A Turkish defense ministry statement said the strikes hit targets on Sinjar Mountain in northern Iraq and the Derik and Karacak regions in northern Syria.
The operations in northern Iraq were aimed against the Kurdistan Workers’ Party, or PKK, in northern Iraq, and the People’s Protection Units, or YPG in Syria. The targets struck included shelters, caves, tunnels, ammunition depots, bases and training camps, the ministry said.
The YPG is a close U.S. ally against IS but is seen by Ankara as a terrorist group because of its ties to Turkey’s Kurdish rebels.
The strikes aimed to “eliminate terrorist attacks against our people and security forces from the north of Iraq and Syria and to ensure our border security,” the ministry statement read.
All planes returned to their bases safely, the ministry said. It did not provide any information concerning any casualties from the strikes but said “utmost sensitivity was shown” regarding the security of the civilians during the operations.

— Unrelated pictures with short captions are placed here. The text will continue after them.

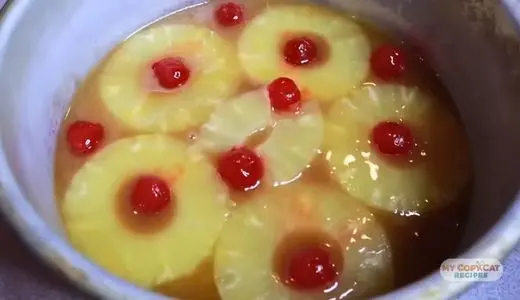 Create the Pineapple Upside-Down Layer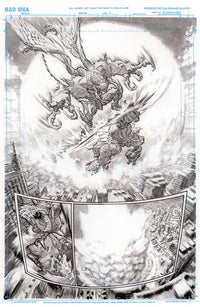 OLYMPUS SAGA: MEGALITH #1 (OF 4) CVR G LEWIS LAROSA ORIGINAL ART EDITION 4 (Special Order)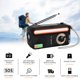 thumbnail image 3 of Radio solar de manivela con banco de energía - Radio dinamo multibanda portátil AM FM WB para emergencias de viajes de camping - Batería de 2000 mAh, alarma SOS, 3 of 10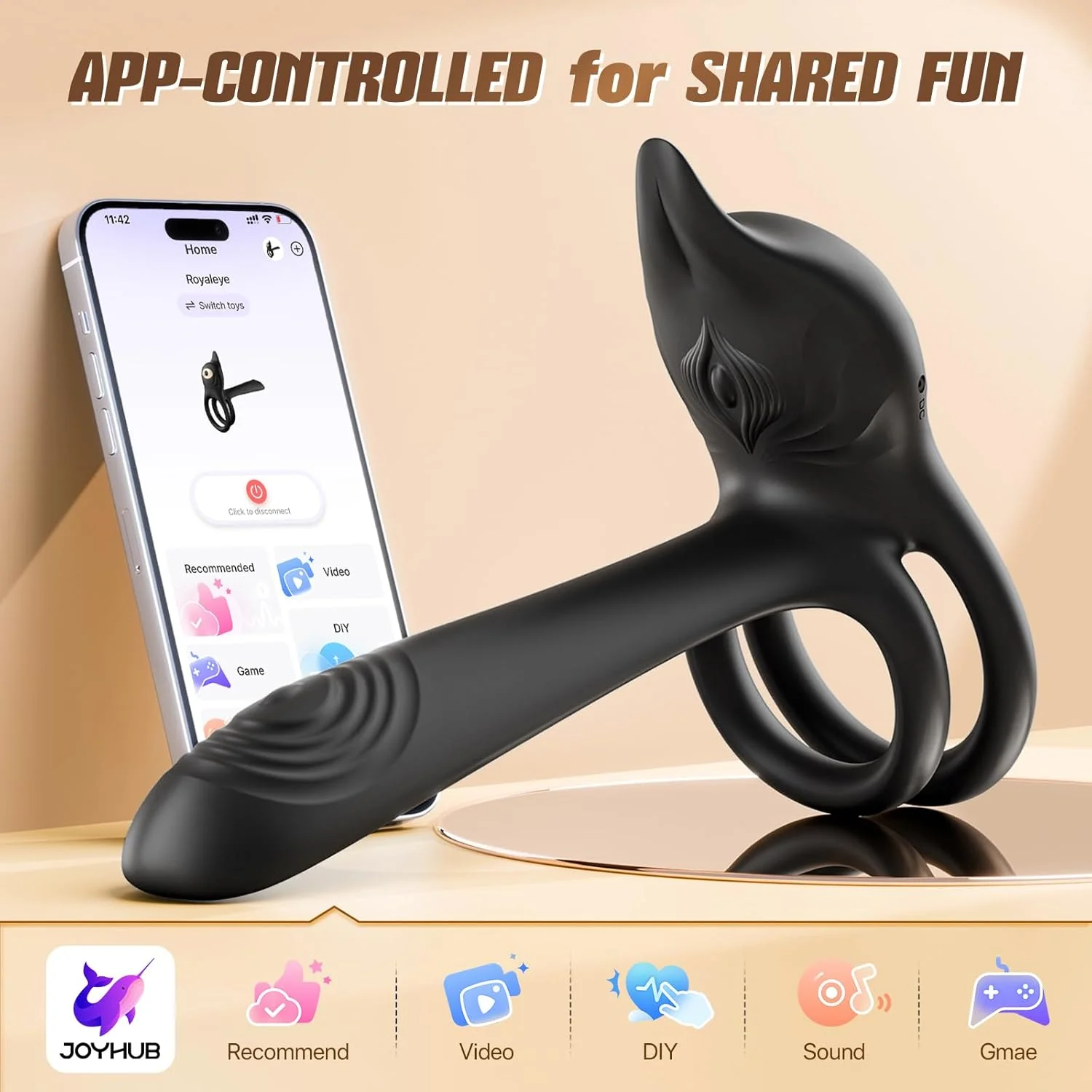 NoirPetal Cock Ring Rose Clit Stimulator G-Spot Sleeve - Image 7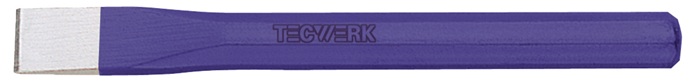 TECWERK Fliesenmeißel fl.Schaft-Q.8mm 10mm 100mm CV-Stahl TECWERK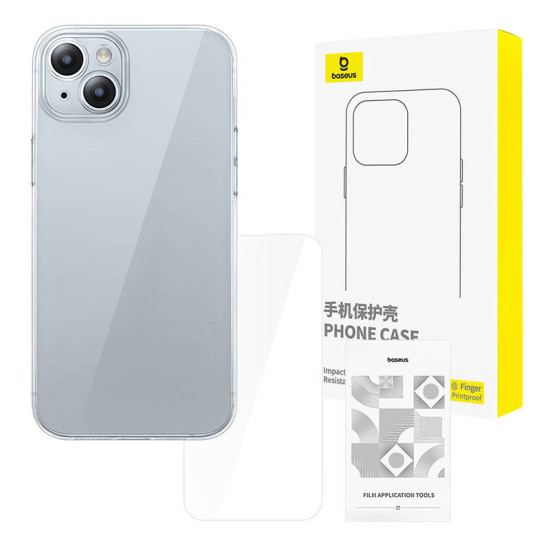 Baseus Θήκη για iPhone 15 και Προστατευτικό Οθόνης Tempered Glass (Διαφανές) Baseus Θήκη για iPhone 15 και Προστατευτικό Οθόνης Tempered Glass (Διαφανές)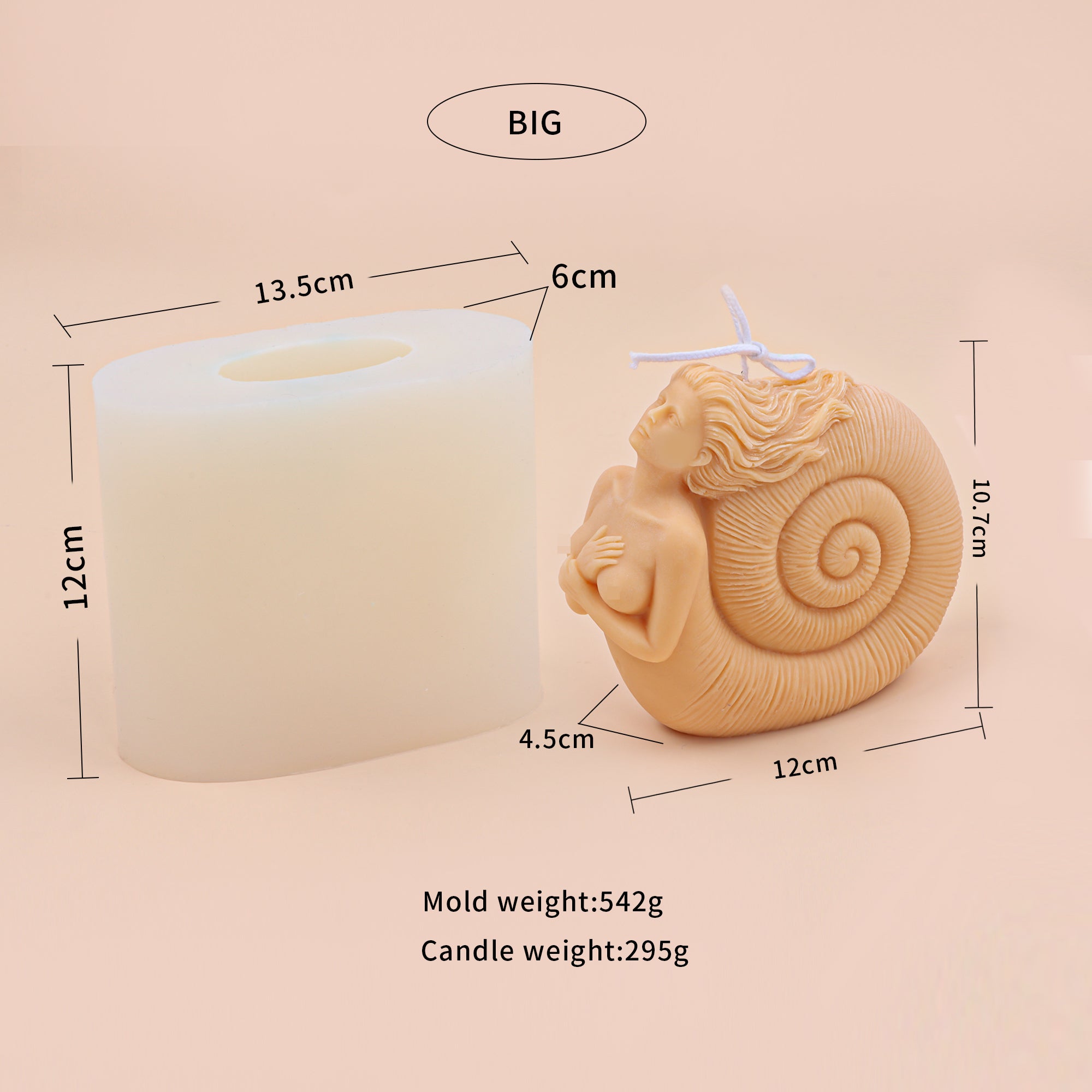 Conch Hold Chest Female Silicone Candle Mould Aromatherapy Car Decoration Mould, Geometric candle molds, Abstract candle molds, DIY candle making molds, Silicone candle molds, 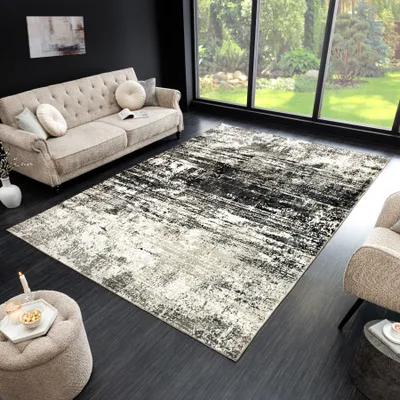 Produktbild von riess-ambiente Design Teppich MODERN ART 230x160cm beige braun Kurzflor Indoor-Teppich
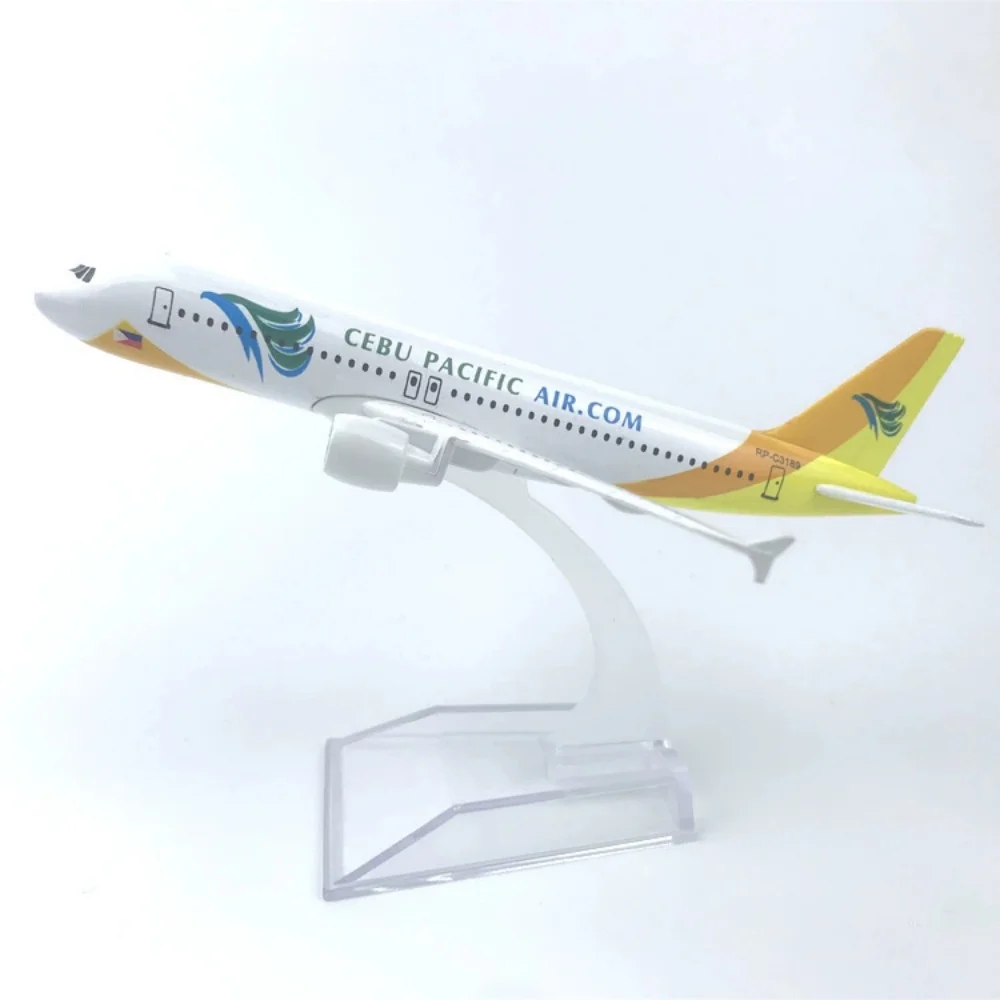 

16cm Diecast Airplane Model Toys Philippine Airlines A320 Metal Scale Aircraft Replica Aviation Miniature Toy Gifts With Stand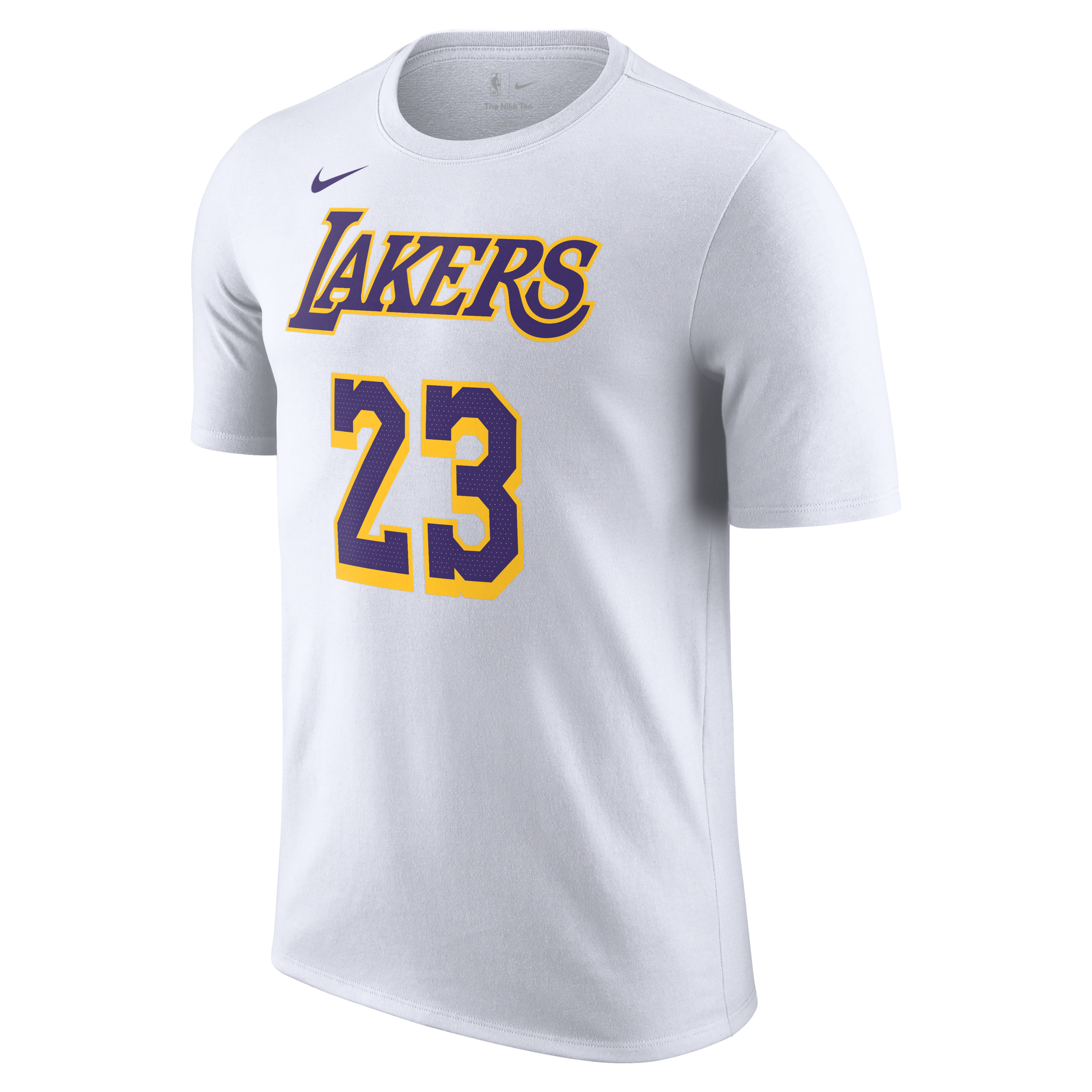 Los Angeles Lakers Nike-NBA-T-shirt til mænd - hvid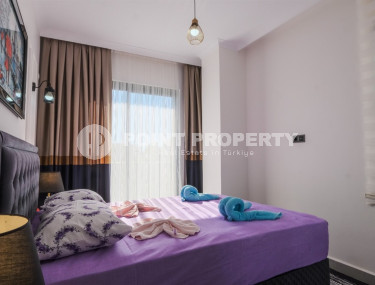 Двухкомнатная квартира в одном из развитых районов Алании в Махмутлар. Планировка 1+1, 350 метров до моря.-id-1112-фото-5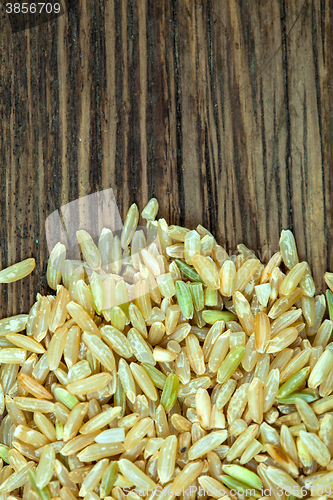 Image of seeds of a brown rice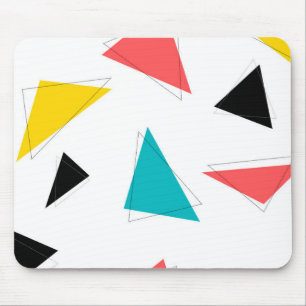 Cool, unique, trendy, urban colorful triangles mouse mat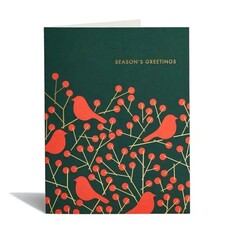 Snow & Graham Holiday Wren Holiday Card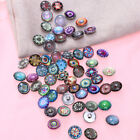 20 Pcs Charm Buttons Exotic Round For Crafts Swing Snap Fastener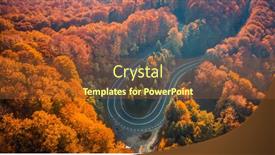  Presentation with forest road - Presentation theme enhanced with aerial-view-of-transfagarasan-road background and a tawny brown colored foreground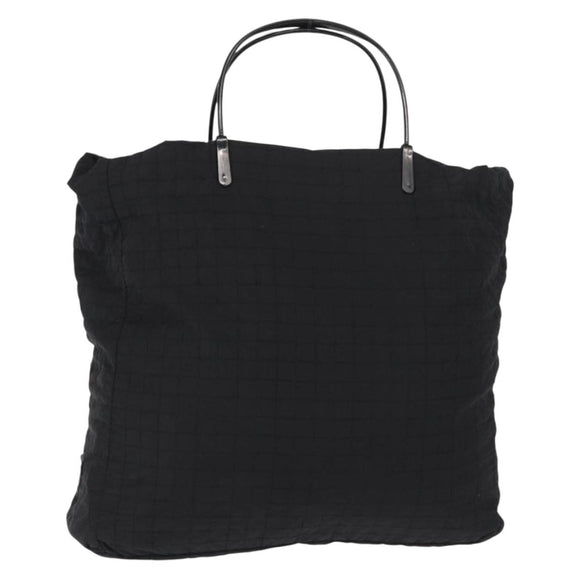 PRADA Hand Bag Nylon Black Silver Auth ka079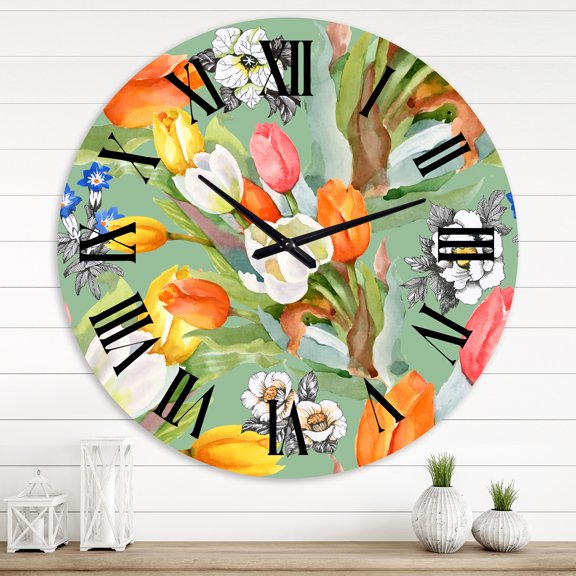 Designart 1 in Traditional Wall Clock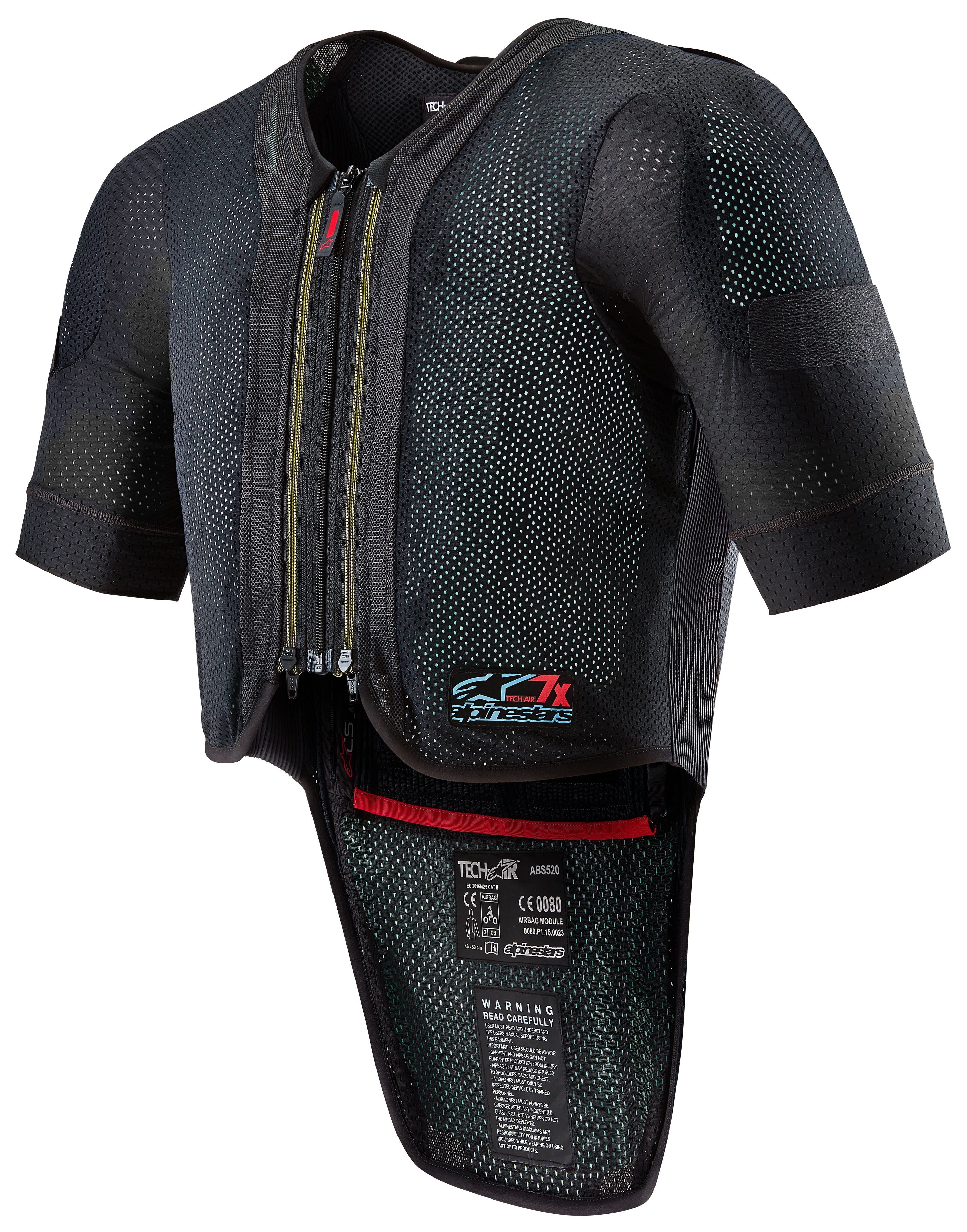 FortNine Alpinestars Tech-Air 7X Airbag System Black/Red / MD [Open Box]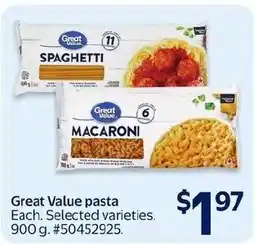 Walmart Great Value pasta offer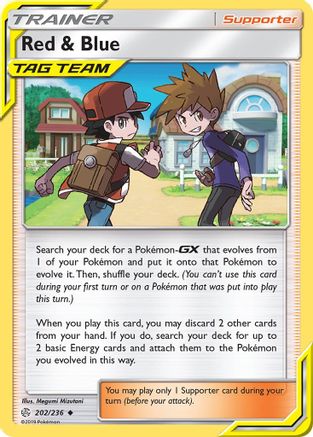 Red & Blue (202/236) [Sun & Moon: Cosmic Eclipse] Reverse Holofoil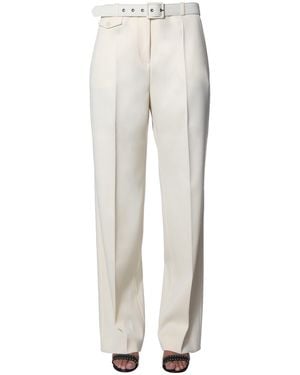 Givenchy Chic Pants With Belt And Front Zip - White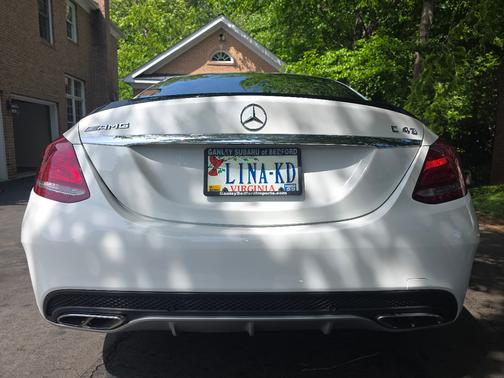 White 2017 Mercedes-Benz AMG C 43 4MATIC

The defense ministry said Turkey would “continue the fight against terrorism for the security of our country and our nation with determination until the last terrorist is neutralized.”
Turkey has carried out similar cross-border airstrikes in the past.
The PKK has led an insurgency in southeast Turkey since 1984 which has killed tens of thousands of people. The group is considered a terror organization by Turkey and its allies, including the U.S. and European Union.